To do: Below are records with pictures. Reproduce exactly the lines from the line with "Senzori - Senzor" to the line with "PRIDE MANOR ESTATES - Residential", inclusive, and leave each picture out.

Record excerpts:
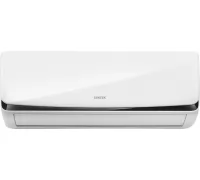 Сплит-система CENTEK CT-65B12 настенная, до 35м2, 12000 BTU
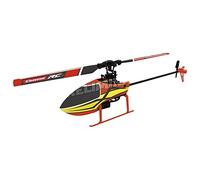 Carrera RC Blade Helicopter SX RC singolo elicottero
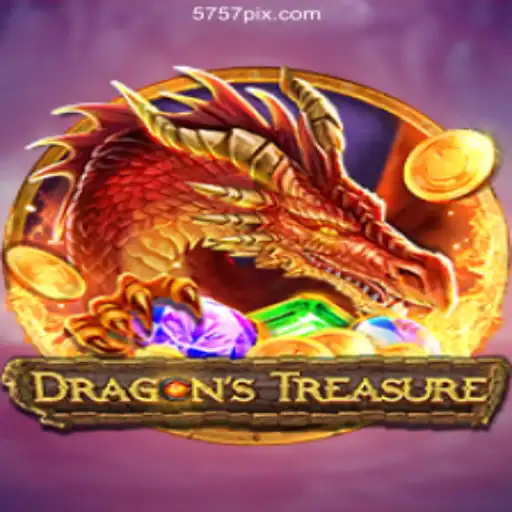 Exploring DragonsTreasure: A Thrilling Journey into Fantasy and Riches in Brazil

--

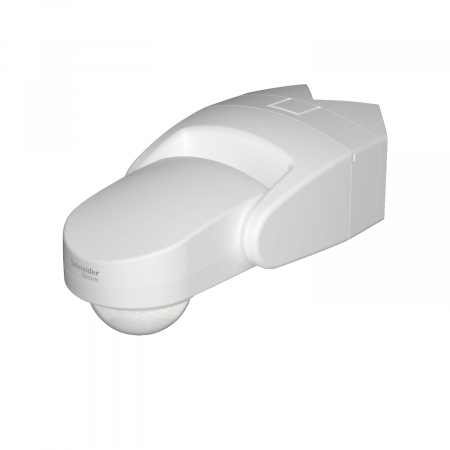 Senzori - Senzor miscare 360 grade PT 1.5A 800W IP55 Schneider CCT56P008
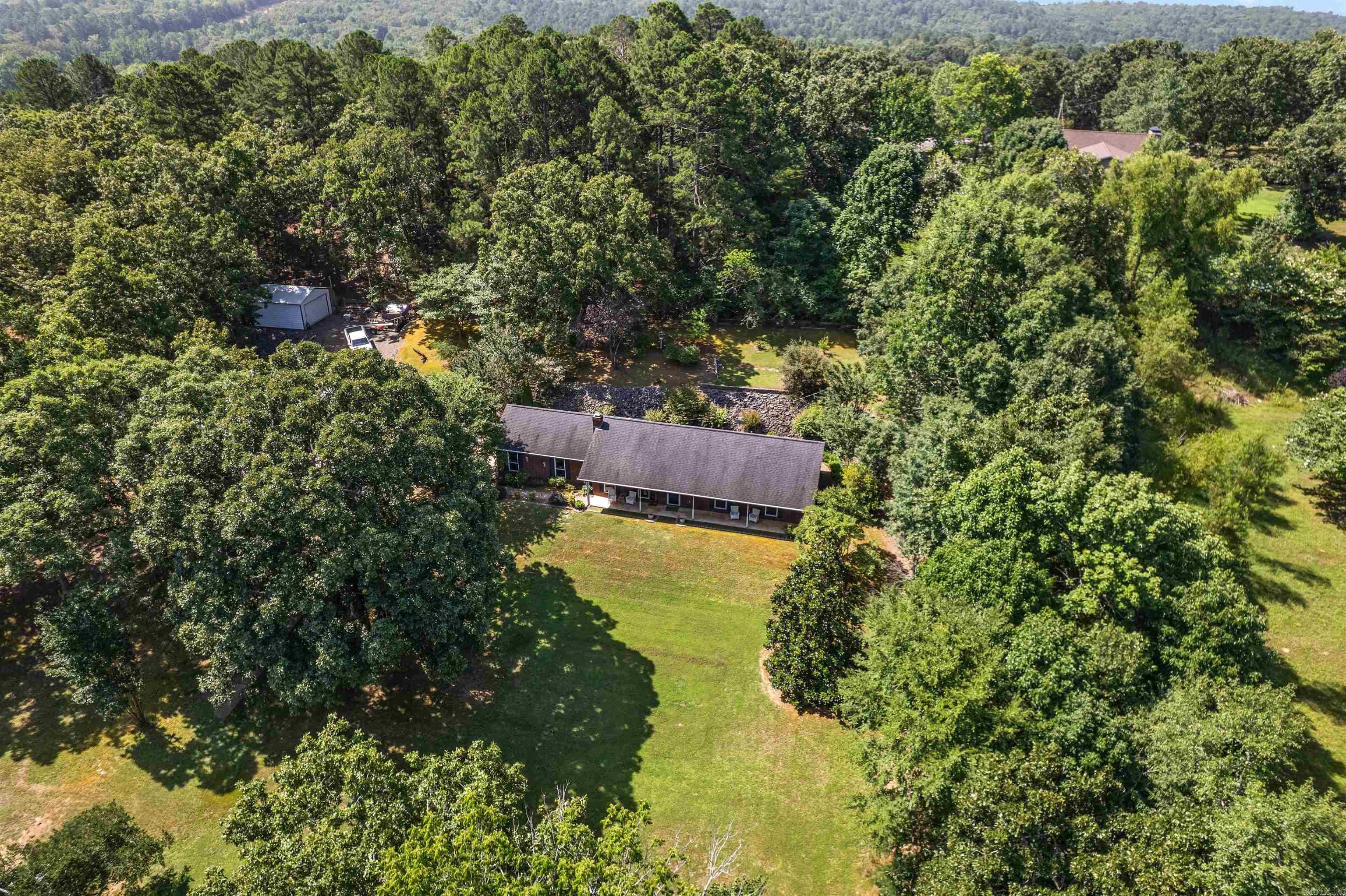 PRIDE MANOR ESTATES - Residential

Task output:
 Senzori - Senzor miscare 360 grade PT 1.5A 800W IP55 Schneider CCT56P008
 PRIDE MANOR ESTATES - Residential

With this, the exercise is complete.